Of the four UC Irvine students awarded prestigious Fulbright grants, two are Biological Sciences majors
Armaan Ahmed Rowther (pictured left) and Soraya Azzawi (pictured right), both seniors graduating in June 2013, will conduct research in Jordan. This is the first time UC Irvine students have been placed in that country. To learn more about the Fulbright Scholars, click here.
Here’s a little more about Bio Sci’s Fulbright Scholars:
Armaan Rowther
Major: Biological Sciences major, Public Health Policy minor
Graduation date: March 2013 (I graduated this past winter quarter and will be walking at Commencement this June)
Country: Jordan
Description of research/teaching/study project: My proposed research project will evaluate the feasibility and effectiveness of merging a computer-aided diabetes education program with existing diabetes testing services among residents of the Baqa’a Camp and other Palestinian refugee camps around Amman, Jordan. The results, based on measured learning and clinical improvement, will hopefully contribute toward better care and understanding of diabetes management and prevention in resource-limited settings. The project will be conducted in partnership with the Institute for Family Health of the King Hussein Foundation.
How grant project ties into your overall academic/career goals: My project explores the role of portable computer technology in cardiometabolic disease prevention and management with the potential of informing health systems strengthening among refugee populations across West Asia-North Africa. I believe that my experience as aFulbright scholar will serve as an essential litmus test and learning experience toward my goal of pursuing a career dedicated to reducing global health disparities.
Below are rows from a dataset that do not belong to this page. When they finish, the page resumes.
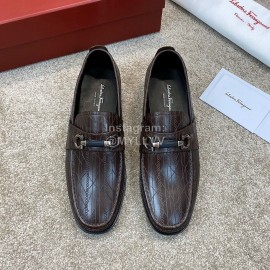 Ferragamo Calf Leather Gancini Buckle Business Shoes Coffee For Men 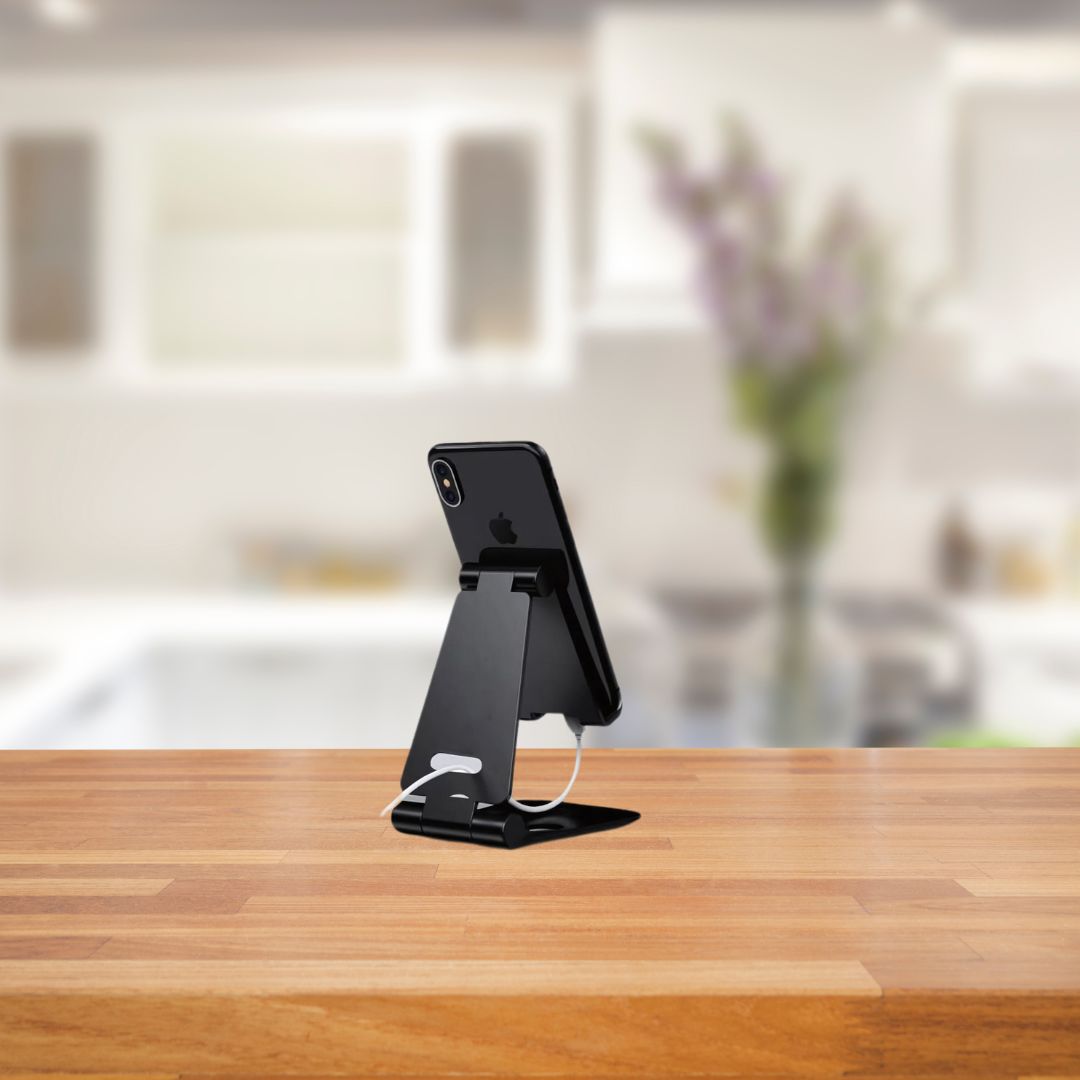 Adjustable folding mobile stand with dual-angle support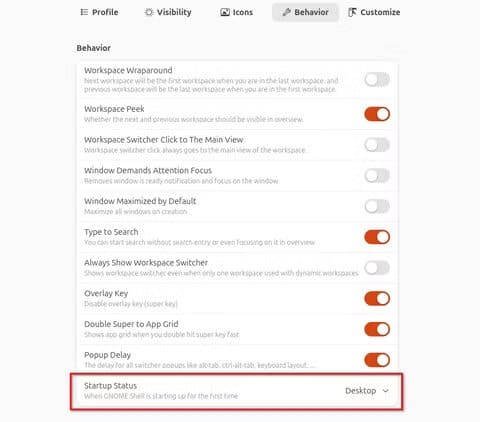 1c-just-perfection-behaviour-page-settings أفضل إضافات GNOME التي تجعل استخدام Ubuntu أكثر متعة وسلاسة
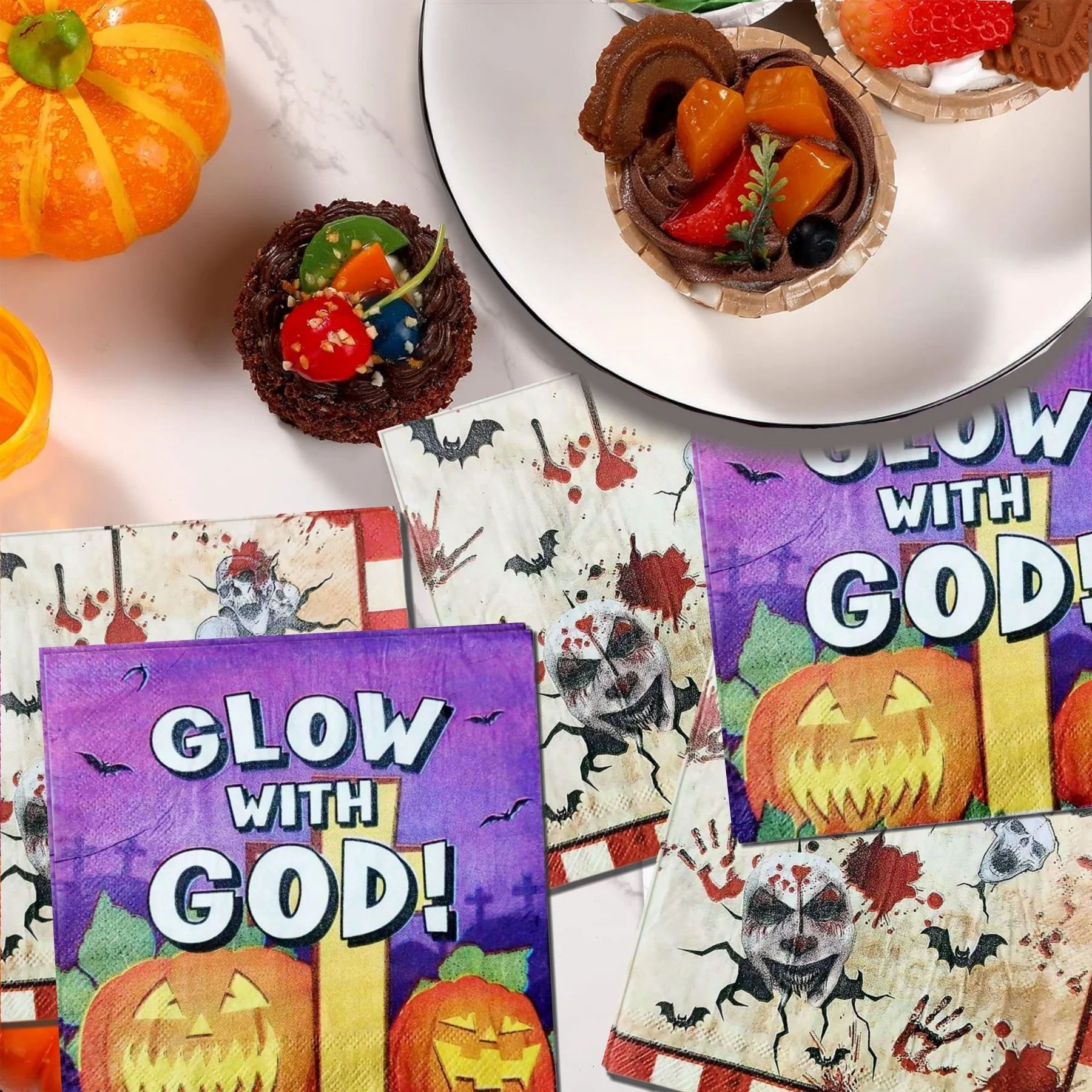24pcs Halloween Theme Napkins Devil Pumpkin Skull Blood Handprint Paper Soft Tableware Tissue Party Theme Party Table Decoration Supplies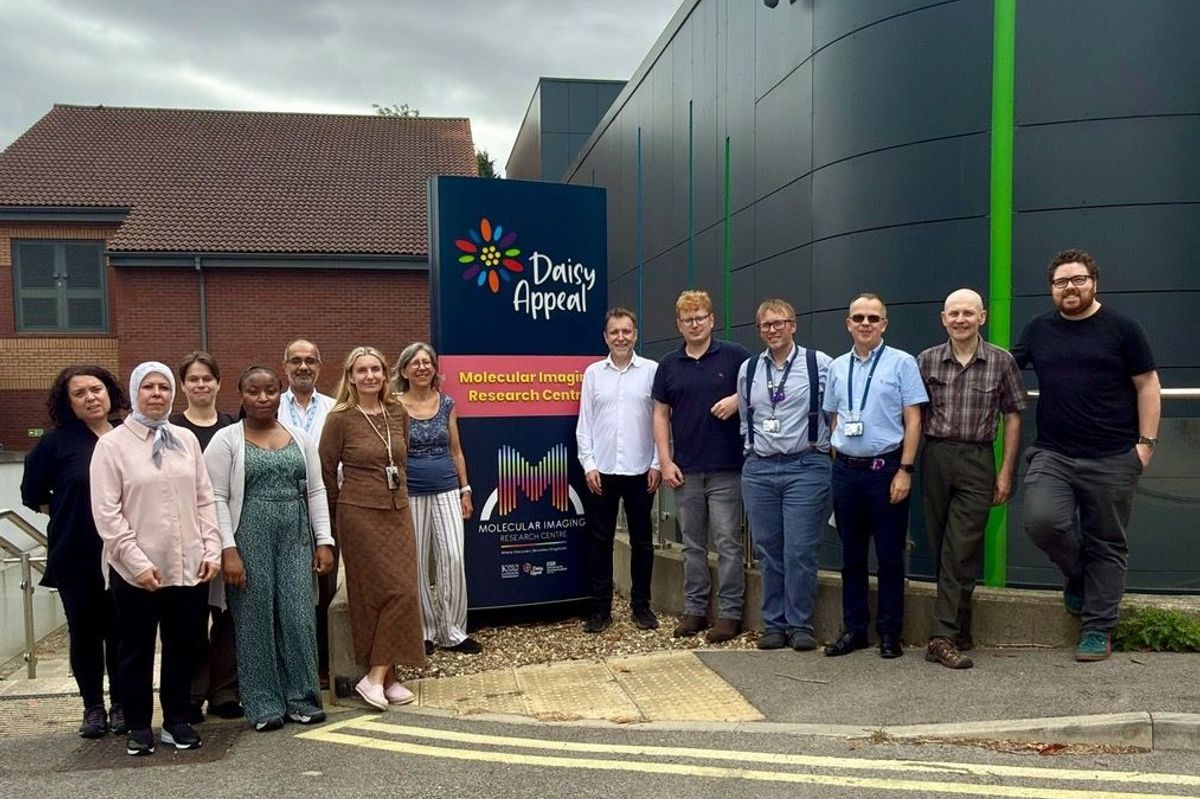 King's College London and The Daisy Appeal teams outside Castle Hill Hospital's Molecular Imaging Research Centre, Cottingham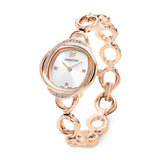  Shop Authentic Swarovski Crystal Flower Silver Dial Rose Gold Steel Strap Watch for Women - 5547626 - Luxxuri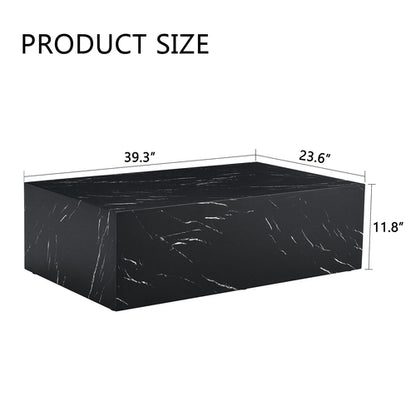 Modern Coffee Table – 39.3" Rectangular Accent Table with Textured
Prior to my matriculation in the MD-PhD program in epidemiology at Johns Hopkins University and the Bloomberg School of Public Heath, I hope to cultivate the language skills, research experience, and intercultural understanding necessary for creating collaborative efforts as a future physician-epidemiologist across disciplines, institutions, and borders to address the pervasive and persistent burden of inequities in health delivery and outcomes.
What winning means to you personally: When I was young, I internalized an ethic of service inherited from my late grandfather Ataullah Khwaja ans his efforts to empower communities uprooted and marginalized by conflict through his diplomatic service for Pakistan and the United Nations in the 1960s, after having lived through conflict in Ladakh and exile from his home in Lhasa, Tibet. This ethic of service has since guided me toward a life dedicated to improving international relations by promoting health as a human right. In the footsteps of my grandfather, I crossed every possible border to conduct conflict resolution field study in Washington DC, Israel-Palestine, and Jordan in the summers of 2010 and 2011. While visiting families in their homes, I observed how the burden of post-conflict reconstruction and consequences of displacement often weigh most heavily on women and children among the uprooted. Studying refugee camps, I directly witnessed how social fragmentation can stem from poverty and lack of access to education, health care, and the legal system. I gained a greater understanding of public health challenges and disparities facing 27 million refugees living across North Africa-West Asia, insights that have profoundly deepened my passion for health empowerment at the transnational level. The Fulbright U.S. Student award represents to me an opportunity to continue in my grandfather’s footsteps and to pursue the compelling connection between providing direct care and pushing conventional limits of knowledge in what has become my highest aspiration: to heal, discover, and and empower as a physician-epidemiologist and international health. My fiancé Mehwish Shakeel and I are excited for this opportunity and hope to depart for Jordan after our graduation from UCI this June and wedding this summer, as she prepares to defer her graduate studies in International Affairs for one year to accompany me abroad.
Soraya Azzawi
Major: Double major in neurobiology and political science.
Description of research/teaching/study project: I will undertake public health research and explore psychosocial health conditions among Iraqi refugees in Jordan.
Interesting fact: I was also awarded UC Irvine’s 2012-13 XIV Dalai Lama Endowed Scholarship.